To use this trait, include it in your class or object and define your pipeline stages using the `>>` operator. Example usage is provided within the trait documentation.

### 3. `PdfFileWorkflow.scala`

This trait provides methods for processing PDF files within a directory structure, focusing on traversing directories, filtering for PDF files, and identifying password-protected PDFs.

#### Key Components

- **enqueuePasswordProtectedPdfs**: Checks if a PDF file is password protected and enqueues it if true.
- **parallelFindPDFs**: Recursively searches for PDF files starting from a given directory and enqueues them.

#### Usage

Include this trait in your class or object and use the provided methods as stages in your pipeline.

## Example Usage

Below is an example usage of the pipeline setup within the main application.

```scala
import java.io.File
import java.util.concurrent.LinkedBlockingQueue
import ie.boboco.cqp.ConcurrentQueuePipelining
import ie.boboco.cqp.pdf.PdfFileWorkflow

object PasswordPdfPipelineApp extends App with ConcurrentQueuePipelining with PdfFileWorkflow {
val rootDir = new File("/Users/ebowman/src")
val coreCount = Runtime.getRuntime.availableProcessors()
val encPdfQueue = rootDir >> parallelFindPDFs >> (enqueuePasswordProtectedPdfs, coreCount)

Iterator.continually(encPdfQueue.take())
.takeWhile(_.isDefined)
.flatten
.foreach(println)
}
```

This setup will start from the root directory, find all PDF files, check if they are password-protected, and print the password-protected ones.

## Dependencies

- **Java 8 or higher**
- **Scala 3.4.1**
- **Apache PDFBox 3.0.2** for PDF processing

## Building and Running

1. Ensure you have Java and Scala installed.
2. Clone the repository.
3. Compile the project using `sbt compile`.
4. Run the main application using `sbt run [path]`.
5. To generate a coverage report: `sbt clean coverage test coverageReport` followed by `open $(find . -name index.html)`.

Here [path] needs to be a path to a directory to traverse.

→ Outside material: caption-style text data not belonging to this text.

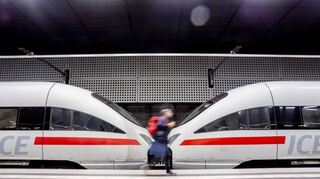 Zwischen großen Städten ist man mit der Bahn im Vergleich zum Fliegen klimaschonender unterwegs.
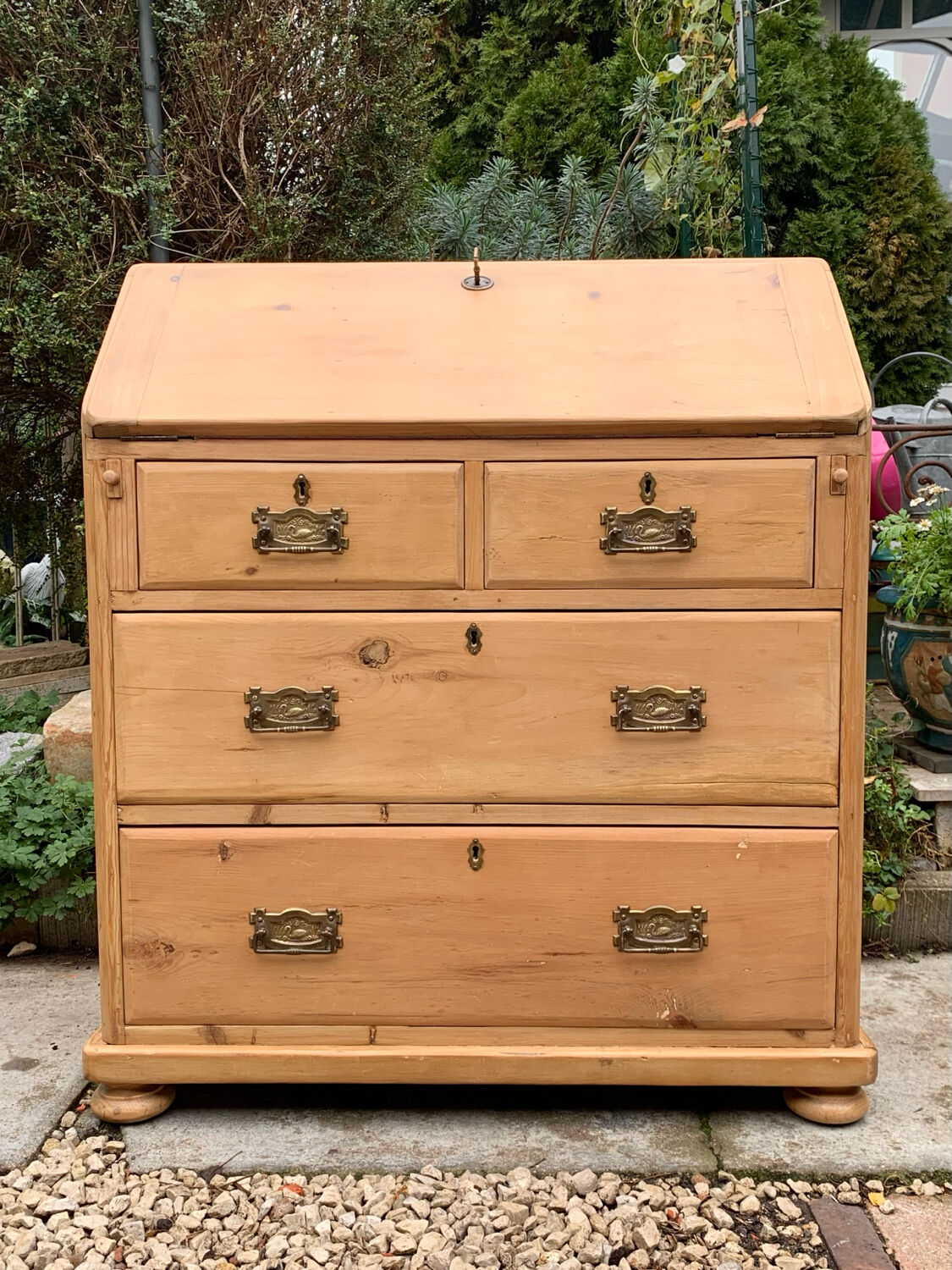 Commode, English slant-front desk, 19th century.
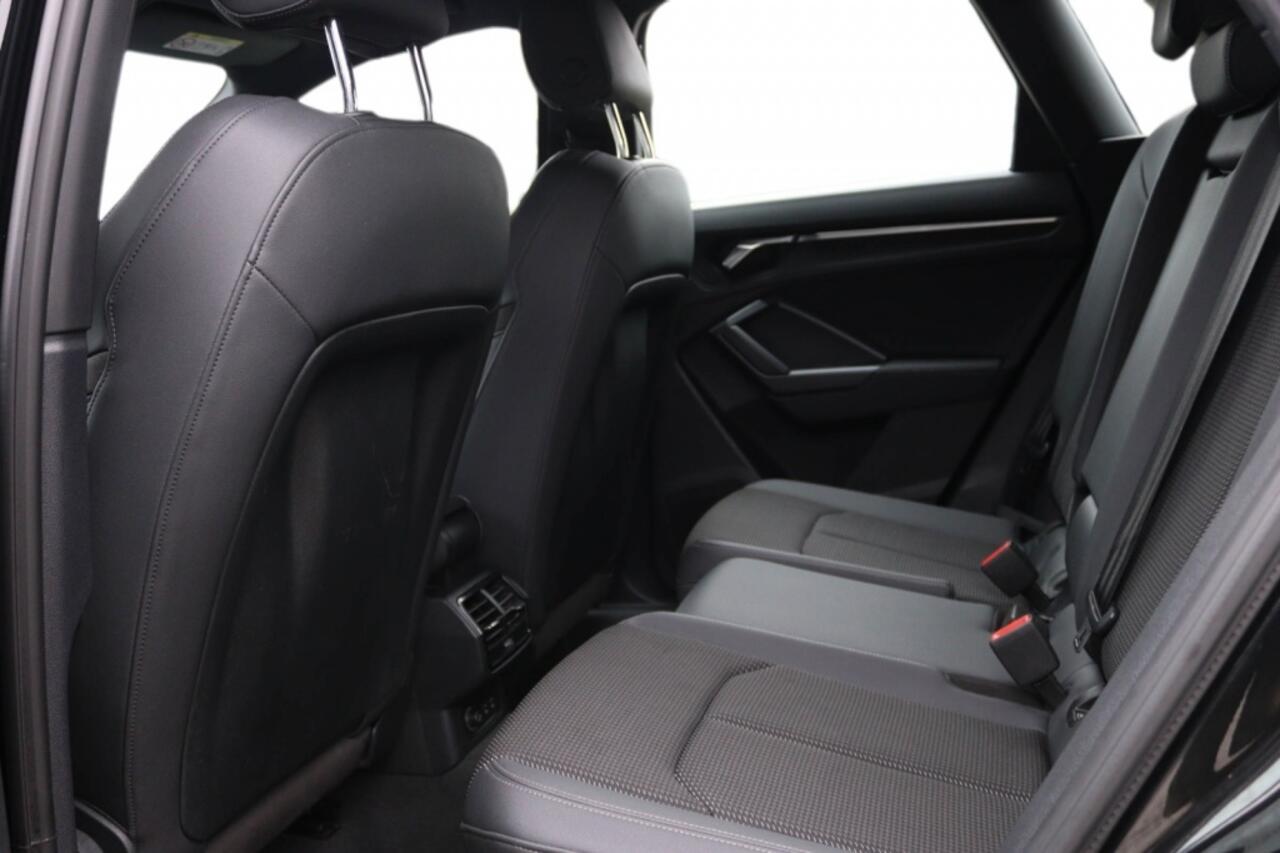 Audi Q3 45 TFSI e S line Virtual l Camera l Sportstoelen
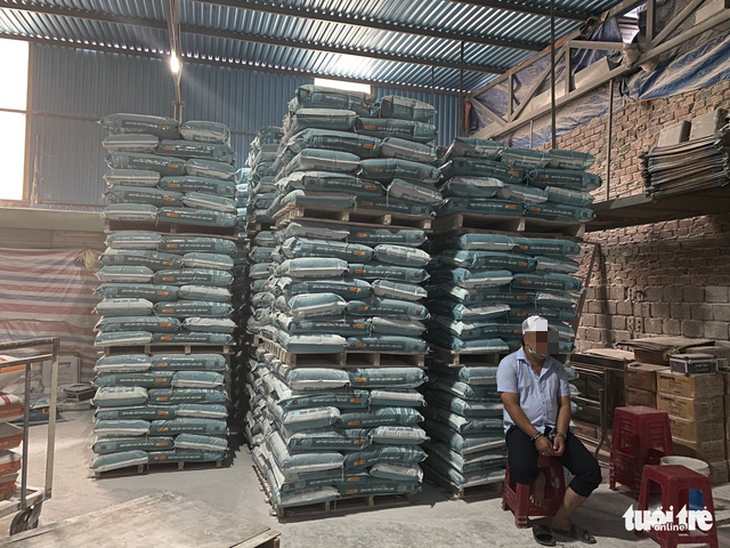 Tạm giữ 70 tấn bột trét tường giả thương hiệu Jotun, Dulux - Ảnh 2. Tạm giữ 70 tấn bột trét tường giả thương hiệu Jotun, Dulux - Ảnh 2.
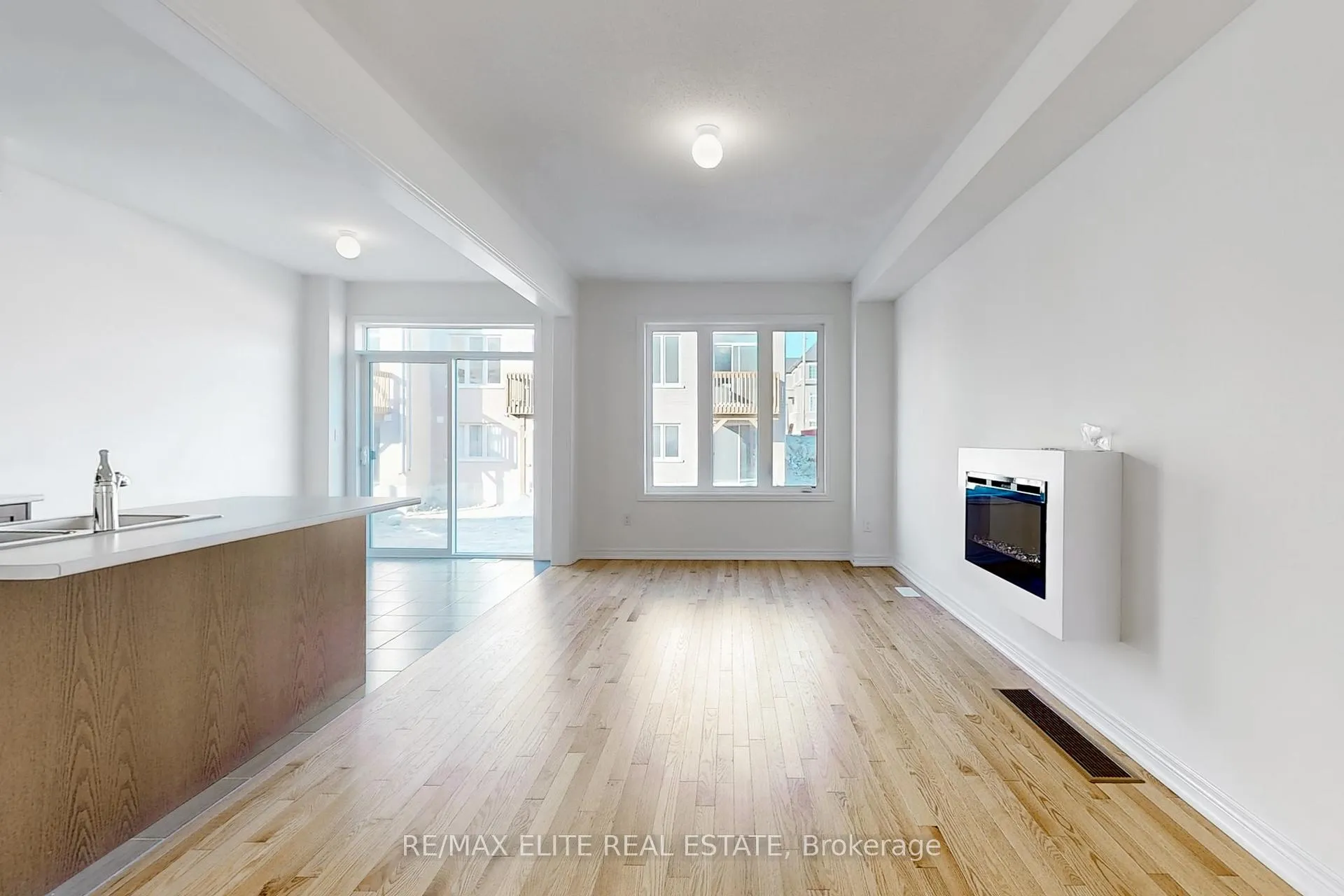 Photo 6 of 1012 Crowsnest Hollow, Pickering, Rural Pickering — HOMEH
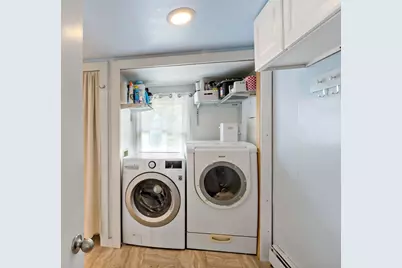 37 Platt Street, Bristol, RI 02809 - Photo 15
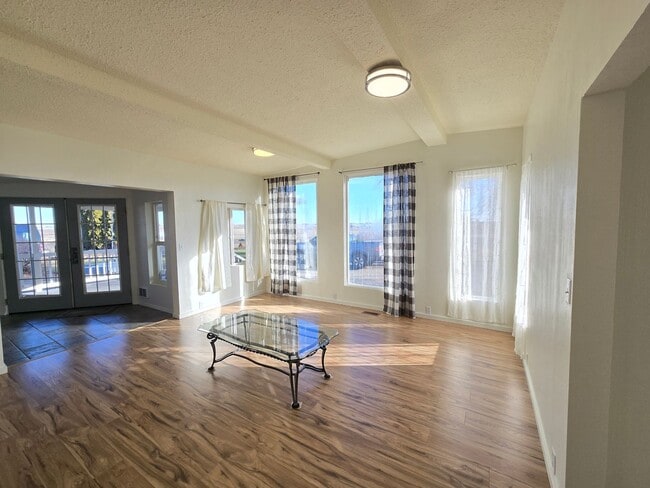 Building Photo - LIght Filled Rambler-Flexible lease term-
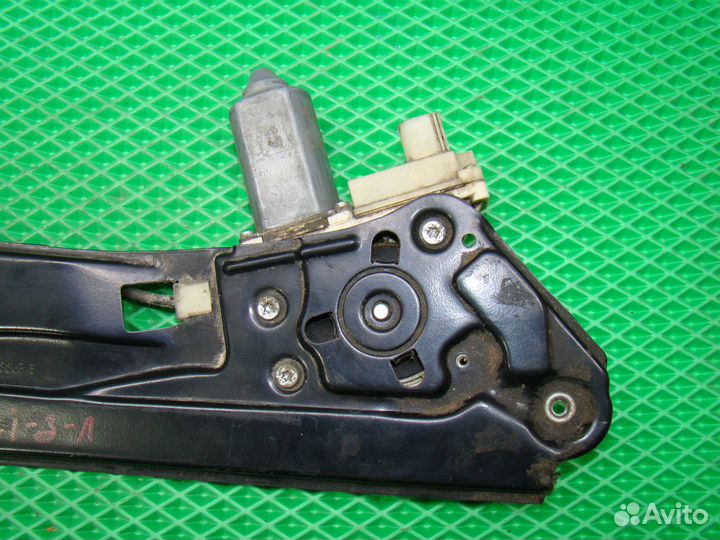 Задний левый стеклоподъёмник BMW 7 E65 бмв 7 Е65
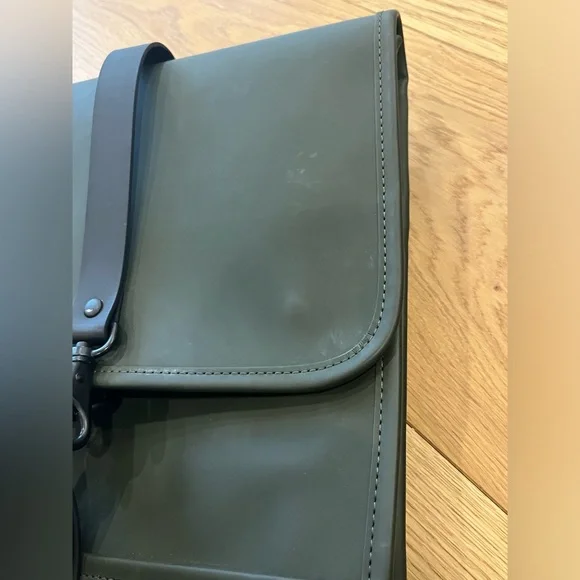 SOLD - Rains backpack - Picture 3 of 3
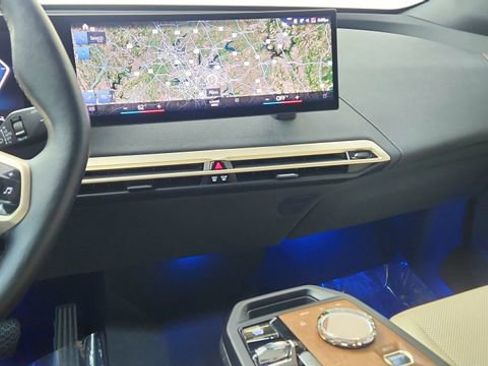 Used 2023 BMW iX xDrive50 w/ Premium Package image 46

It will fail
if you don't include this argument (this is to keep the automated test
coverage at 100%). If you just want to see it work, try `$ sbt "run ."`.

This will print out the full path to any password-protected PDF files found within the directory tree
under the user's home directory.

## Contributing

Contributions are welcome! Please fork the repository and create a pull request with your changes.

## License

This project is licensed under the MIT License.